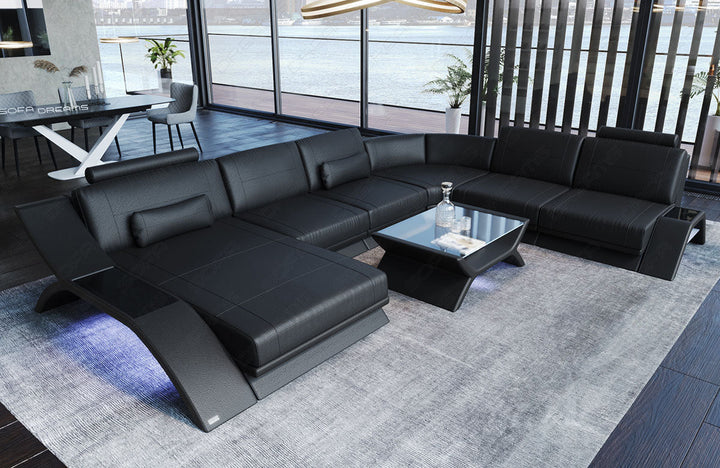 Luxus Leder Sofa Calabria XL in schwarz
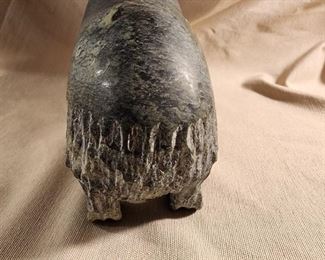 Inuit soapstone sculpture signed 7.25” in height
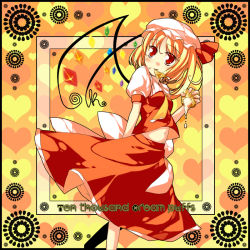 Rule 34 | 1girl, black border, blonde hair, border, cream puff, eating, english text, female focus, flandre scarlet, food, hat, heart, looking at viewer, mob cap, navel, nu (plastic eraser), pastry, puffy short sleeves, puffy sleeves, red eyes, short hair, short sleeves, skirt, skirt set, solo, touhou, wings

TASK DETAILS: Skip every picture, and give the rest of the material above again exactly.

RESPONSE FOR THIS EXERCISE:
 Luxus Leder Sofa Calabria XL in schwarz
 Inuit soapstone sculpture signed 7.25” in height
 Rule 34 | 1girl, black border, blonde hair, border, cream puff, eating, english text, female focus, flandre scarlet, food, hat, heart, looking at viewer, mob cap, navel, nu (plastic eraser), pastry, puffy short sleeves, puffy sleeves, red eyes, short hair, short sleeves, skirt, skirt set, solo, touhou, wings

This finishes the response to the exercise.